Please quote exactly the lines below from the line containing "Kia Canival 2023 — photo 30" to the line containing "Land Rover Discovery", both lines included, and nothing else.

| Provided entries |
....

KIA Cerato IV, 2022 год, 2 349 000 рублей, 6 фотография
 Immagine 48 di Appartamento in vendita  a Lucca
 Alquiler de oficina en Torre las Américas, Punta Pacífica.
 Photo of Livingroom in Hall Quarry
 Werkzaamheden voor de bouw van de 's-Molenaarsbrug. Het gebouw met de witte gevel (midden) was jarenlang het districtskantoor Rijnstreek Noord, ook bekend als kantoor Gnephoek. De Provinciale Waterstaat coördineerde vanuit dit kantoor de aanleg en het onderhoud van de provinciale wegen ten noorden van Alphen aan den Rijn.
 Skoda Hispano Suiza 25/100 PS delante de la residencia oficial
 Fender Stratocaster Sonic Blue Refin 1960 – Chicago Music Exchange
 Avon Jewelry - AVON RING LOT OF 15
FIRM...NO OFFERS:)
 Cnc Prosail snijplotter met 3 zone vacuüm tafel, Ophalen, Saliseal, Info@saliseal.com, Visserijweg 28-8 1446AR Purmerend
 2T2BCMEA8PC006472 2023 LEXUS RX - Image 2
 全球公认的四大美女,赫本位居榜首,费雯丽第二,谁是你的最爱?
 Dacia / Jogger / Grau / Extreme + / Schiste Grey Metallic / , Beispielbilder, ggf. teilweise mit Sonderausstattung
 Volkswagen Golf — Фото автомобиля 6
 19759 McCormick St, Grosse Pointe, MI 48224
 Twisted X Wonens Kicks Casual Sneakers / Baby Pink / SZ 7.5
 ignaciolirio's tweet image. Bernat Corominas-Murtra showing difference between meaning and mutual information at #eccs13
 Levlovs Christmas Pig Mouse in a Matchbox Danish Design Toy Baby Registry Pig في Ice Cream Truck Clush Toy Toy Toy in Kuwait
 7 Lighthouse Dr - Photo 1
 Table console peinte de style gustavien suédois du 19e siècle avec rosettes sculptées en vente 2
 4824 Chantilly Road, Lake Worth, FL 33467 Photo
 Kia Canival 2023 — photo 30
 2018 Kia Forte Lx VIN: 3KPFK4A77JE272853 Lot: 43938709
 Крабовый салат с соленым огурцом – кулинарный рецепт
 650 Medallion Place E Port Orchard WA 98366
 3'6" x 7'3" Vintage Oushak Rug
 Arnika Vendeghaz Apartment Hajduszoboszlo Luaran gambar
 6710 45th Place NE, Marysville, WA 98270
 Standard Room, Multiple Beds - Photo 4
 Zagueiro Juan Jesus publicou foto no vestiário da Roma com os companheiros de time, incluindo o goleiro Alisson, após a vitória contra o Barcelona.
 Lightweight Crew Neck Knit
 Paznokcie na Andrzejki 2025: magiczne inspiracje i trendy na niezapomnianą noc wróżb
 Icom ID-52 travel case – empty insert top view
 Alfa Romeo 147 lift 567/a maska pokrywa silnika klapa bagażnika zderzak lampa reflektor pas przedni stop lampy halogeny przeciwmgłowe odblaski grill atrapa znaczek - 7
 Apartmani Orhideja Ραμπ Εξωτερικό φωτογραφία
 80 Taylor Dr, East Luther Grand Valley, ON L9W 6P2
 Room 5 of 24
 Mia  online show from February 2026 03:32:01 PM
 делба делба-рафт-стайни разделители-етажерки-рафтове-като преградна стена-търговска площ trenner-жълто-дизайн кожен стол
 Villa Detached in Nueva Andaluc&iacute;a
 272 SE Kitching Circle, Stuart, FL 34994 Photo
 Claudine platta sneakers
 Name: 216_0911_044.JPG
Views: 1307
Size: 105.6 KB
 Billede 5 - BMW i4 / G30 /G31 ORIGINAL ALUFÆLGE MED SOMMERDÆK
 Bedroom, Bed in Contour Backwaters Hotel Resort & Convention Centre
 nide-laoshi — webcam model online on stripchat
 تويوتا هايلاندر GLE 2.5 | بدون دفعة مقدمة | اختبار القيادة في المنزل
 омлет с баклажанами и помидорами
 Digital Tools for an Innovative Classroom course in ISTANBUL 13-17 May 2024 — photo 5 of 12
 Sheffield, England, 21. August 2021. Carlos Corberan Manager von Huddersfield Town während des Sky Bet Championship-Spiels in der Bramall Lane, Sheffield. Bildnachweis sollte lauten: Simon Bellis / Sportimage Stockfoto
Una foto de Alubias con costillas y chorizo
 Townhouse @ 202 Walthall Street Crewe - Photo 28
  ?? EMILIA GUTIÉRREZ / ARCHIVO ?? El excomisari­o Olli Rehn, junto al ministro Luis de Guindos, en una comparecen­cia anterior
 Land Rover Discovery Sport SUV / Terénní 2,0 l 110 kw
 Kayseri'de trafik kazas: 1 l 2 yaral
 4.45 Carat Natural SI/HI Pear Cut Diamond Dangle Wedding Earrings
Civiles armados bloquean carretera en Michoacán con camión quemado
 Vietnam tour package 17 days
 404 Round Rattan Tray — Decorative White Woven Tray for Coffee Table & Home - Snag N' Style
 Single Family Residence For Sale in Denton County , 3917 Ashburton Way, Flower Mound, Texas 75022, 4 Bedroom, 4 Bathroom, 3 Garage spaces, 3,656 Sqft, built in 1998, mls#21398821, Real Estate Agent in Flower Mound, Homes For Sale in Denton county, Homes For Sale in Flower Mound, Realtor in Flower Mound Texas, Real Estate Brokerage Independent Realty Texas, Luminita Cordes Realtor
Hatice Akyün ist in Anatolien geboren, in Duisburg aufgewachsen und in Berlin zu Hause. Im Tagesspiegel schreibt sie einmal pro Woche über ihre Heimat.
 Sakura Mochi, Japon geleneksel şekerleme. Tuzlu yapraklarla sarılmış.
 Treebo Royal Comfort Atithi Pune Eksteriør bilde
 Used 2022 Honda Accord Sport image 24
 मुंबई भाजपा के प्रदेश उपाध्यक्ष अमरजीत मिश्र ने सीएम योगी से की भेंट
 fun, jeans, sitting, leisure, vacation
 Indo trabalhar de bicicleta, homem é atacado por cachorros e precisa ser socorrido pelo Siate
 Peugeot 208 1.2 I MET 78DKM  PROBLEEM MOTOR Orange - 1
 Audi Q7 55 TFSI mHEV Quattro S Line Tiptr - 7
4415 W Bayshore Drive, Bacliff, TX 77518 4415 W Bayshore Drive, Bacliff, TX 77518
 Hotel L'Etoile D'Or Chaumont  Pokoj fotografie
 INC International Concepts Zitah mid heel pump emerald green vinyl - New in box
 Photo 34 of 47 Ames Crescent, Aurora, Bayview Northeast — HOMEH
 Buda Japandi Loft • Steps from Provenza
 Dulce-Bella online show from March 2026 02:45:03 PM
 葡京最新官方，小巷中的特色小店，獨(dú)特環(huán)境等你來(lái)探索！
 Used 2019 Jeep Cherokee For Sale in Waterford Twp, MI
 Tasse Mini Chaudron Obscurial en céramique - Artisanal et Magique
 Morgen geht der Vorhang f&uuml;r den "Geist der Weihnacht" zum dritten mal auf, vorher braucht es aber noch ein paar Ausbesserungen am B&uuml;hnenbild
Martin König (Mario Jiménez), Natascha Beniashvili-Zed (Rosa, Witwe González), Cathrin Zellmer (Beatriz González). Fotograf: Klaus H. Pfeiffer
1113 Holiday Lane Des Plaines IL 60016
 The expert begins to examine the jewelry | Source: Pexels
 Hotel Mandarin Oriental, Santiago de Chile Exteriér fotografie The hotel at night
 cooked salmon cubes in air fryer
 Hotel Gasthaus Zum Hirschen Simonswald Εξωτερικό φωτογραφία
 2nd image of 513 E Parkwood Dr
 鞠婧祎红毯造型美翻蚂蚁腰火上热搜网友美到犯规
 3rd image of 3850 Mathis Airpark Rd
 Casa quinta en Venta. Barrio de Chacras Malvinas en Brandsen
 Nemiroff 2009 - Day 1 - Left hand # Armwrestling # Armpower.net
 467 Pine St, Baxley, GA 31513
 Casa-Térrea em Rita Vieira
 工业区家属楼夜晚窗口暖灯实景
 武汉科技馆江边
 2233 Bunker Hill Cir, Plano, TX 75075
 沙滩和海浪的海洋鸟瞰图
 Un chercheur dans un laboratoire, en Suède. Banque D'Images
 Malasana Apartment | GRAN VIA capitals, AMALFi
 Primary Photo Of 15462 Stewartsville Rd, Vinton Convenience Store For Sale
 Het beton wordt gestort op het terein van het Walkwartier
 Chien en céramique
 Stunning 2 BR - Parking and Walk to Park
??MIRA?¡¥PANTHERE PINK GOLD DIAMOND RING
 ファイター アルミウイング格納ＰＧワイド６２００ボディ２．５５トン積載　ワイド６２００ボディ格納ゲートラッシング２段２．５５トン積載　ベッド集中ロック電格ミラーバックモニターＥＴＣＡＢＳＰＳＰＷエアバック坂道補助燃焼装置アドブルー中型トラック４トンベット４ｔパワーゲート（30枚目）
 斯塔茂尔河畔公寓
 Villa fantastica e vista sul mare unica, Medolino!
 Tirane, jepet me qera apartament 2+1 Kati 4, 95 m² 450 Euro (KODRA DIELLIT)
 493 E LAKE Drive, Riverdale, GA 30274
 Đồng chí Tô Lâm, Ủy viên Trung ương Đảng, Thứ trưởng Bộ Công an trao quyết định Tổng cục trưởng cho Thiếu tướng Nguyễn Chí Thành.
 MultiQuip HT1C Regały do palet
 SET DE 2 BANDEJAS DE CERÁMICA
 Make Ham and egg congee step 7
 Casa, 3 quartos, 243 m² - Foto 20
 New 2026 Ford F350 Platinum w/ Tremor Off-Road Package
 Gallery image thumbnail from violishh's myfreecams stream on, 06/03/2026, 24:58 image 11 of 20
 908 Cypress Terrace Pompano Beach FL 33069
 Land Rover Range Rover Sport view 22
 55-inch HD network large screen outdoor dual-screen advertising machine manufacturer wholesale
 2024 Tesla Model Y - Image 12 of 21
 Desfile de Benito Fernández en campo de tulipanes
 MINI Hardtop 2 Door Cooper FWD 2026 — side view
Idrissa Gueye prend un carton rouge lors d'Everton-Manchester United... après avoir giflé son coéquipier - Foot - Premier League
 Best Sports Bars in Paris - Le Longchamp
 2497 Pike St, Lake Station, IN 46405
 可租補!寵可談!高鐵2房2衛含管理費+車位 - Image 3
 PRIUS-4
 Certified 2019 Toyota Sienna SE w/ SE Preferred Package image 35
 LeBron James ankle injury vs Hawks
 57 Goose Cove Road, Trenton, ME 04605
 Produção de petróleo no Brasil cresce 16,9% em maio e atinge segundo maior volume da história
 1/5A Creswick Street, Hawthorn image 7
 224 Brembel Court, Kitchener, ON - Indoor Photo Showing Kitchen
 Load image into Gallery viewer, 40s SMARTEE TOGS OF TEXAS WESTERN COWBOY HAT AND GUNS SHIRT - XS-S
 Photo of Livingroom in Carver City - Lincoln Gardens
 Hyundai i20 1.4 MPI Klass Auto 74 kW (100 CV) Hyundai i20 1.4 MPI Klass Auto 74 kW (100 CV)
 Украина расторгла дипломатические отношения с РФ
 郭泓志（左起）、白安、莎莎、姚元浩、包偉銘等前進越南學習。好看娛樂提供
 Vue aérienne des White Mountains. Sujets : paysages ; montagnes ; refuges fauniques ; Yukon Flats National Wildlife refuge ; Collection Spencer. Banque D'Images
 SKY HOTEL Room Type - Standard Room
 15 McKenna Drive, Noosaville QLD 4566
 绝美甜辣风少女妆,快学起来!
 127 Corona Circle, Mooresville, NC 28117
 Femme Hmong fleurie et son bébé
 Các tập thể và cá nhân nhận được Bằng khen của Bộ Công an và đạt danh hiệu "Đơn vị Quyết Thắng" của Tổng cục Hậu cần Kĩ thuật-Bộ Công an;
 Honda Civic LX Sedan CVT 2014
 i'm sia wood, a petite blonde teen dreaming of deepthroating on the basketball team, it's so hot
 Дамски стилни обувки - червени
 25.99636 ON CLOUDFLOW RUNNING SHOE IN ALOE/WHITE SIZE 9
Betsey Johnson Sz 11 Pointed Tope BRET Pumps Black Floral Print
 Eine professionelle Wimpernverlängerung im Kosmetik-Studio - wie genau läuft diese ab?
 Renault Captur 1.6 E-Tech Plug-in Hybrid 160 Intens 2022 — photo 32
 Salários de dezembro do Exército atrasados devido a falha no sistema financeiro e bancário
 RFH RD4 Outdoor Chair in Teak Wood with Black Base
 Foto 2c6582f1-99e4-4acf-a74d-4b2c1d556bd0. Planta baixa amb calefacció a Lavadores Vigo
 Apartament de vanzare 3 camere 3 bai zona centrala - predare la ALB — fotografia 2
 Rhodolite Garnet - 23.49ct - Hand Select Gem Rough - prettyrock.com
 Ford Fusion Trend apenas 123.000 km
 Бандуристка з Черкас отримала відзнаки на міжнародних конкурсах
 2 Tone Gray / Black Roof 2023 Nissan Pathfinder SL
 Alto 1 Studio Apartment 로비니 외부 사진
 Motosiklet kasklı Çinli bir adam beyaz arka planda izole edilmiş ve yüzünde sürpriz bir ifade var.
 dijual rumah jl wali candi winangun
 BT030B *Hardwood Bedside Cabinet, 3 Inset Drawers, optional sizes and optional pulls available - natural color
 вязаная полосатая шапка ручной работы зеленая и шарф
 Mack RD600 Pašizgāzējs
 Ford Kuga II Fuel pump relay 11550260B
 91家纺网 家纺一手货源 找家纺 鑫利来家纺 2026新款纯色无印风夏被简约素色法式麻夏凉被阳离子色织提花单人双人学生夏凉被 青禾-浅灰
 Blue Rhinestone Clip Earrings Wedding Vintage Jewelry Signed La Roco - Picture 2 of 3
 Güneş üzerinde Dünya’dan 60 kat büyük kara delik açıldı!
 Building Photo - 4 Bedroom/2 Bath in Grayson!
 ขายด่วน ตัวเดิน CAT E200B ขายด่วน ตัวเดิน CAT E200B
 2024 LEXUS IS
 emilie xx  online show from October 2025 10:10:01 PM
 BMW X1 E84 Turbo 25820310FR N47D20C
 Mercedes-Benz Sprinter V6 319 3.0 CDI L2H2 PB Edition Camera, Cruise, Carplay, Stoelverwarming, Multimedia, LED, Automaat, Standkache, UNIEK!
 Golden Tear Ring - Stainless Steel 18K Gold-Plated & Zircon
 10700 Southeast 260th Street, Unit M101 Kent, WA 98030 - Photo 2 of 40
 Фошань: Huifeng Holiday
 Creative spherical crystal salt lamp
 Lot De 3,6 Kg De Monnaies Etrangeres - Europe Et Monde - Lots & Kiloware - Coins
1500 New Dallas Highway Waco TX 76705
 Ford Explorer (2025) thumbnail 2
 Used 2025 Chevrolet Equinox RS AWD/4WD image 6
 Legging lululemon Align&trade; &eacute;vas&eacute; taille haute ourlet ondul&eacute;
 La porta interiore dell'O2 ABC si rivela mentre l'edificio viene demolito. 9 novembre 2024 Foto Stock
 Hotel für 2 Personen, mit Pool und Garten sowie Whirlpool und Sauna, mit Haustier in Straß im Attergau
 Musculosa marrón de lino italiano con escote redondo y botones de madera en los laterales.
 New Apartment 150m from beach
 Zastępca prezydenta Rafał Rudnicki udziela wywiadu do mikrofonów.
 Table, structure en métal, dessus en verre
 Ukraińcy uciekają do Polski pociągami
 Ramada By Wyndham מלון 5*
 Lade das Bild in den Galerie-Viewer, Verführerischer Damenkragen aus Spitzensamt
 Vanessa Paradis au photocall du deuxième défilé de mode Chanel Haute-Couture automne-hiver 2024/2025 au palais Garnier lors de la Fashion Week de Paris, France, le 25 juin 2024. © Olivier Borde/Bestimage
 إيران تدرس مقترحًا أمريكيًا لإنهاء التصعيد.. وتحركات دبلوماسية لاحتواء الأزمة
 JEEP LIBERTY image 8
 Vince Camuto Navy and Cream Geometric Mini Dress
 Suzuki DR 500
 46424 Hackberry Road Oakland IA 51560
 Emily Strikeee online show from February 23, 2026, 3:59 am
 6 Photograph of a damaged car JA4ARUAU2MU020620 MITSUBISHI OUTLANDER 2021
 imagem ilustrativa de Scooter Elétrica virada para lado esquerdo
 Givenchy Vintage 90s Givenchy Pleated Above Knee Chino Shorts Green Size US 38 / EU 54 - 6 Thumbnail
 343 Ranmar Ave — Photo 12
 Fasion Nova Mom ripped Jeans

....

| Task result |
 Kia Canival 2023 — photo 30
 2018 Kia Forte Lx VIN: 3KPFK4A77JE272853 Lot: 43938709
 Крабовый салат с соленым огурцом – кулинарный рецепт
 650 Medallion Place E Port Orchard WA 98366
 3'6" x 7'3" Vintage Oushak Rug
 Arnika Vendeghaz Apartment Hajduszoboszlo Luaran gambar
 6710 45th Place NE, Marysville, WA 98270
 Standard Room, Multiple Beds - Photo 4
 Zagueiro Juan Jesus publicou foto no vestiário da Roma com os companheiros de time, incluindo o goleiro Alisson, após a vitória contra o Barcelona.
 Lightweight Crew Neck Knit
 Paznokcie na Andrzejki 2025: magiczne inspiracje i trendy na niezapomnianą noc wróżb
 Icom ID-52 travel case – empty insert top view
 Alfa Romeo 147 lift 567/a maska pokrywa silnika klapa bagażnika zderzak lampa reflektor pas przedni stop lampy halogeny przeciwmgłowe odblaski grill atrapa znaczek - 7
 Apartmani Orhideja Ραμπ Εξωτερικό φωτογραφία
 80 Taylor Dr, East Luther Grand Valley, ON L9W 6P2
 Room 5 of 24
 Mia  online show from February 2026 03:32:01 PM
 делба делба-рафт-стайни разделители-етажерки-рафтове-като преградна стена-търговска площ trenner-жълто-дизайн кожен стол
 Villa Detached in Nueva Andaluc&iacute;a
 272 SE Kitching Circle, Stuart, FL 34994 Photo
 Claudine platta sneakers
 Name: 216_0911_044.JPG
Views: 1307
Size: 105.6 KB
 Billede 5 - BMW i4 / G30 /G31 ORIGINAL ALUFÆLGE MED SOMMERDÆK
 Bedroom, Bed in Contour Backwaters Hotel Resort & Convention Centre
 nide-laoshi — webcam model online on stripchat
 تويوتا هايلاندر GLE 2.5 | بدون دفعة مقدمة | اختبار القيادة في المنزل
 омлет с баклажанами и помидорами
 Digital Tools for an Innovative Classroom course in ISTANBUL 13-17 May 2024 — photo 5 of 12
 Sheffield, England, 21. August 2021. Carlos Corberan Manager von Huddersfield Town während des Sky Bet Championship-Spiels in der Bramall Lane, Sheffield. Bildnachweis sollte lauten: Simon Bellis / Sportimage Stockfoto
Una foto de Alubias con costillas y chorizo
 Townhouse @ 202 Walthall Street Crewe - Photo 28
  ?? EMILIA GUTIÉRREZ / ARCHIVO ?? El excomisari­o Olli Rehn, junto al ministro Luis de Guindos, en una comparecen­cia anterior
 Land Rover Discovery Sport SUV / Terénní 2,0 l 110 kw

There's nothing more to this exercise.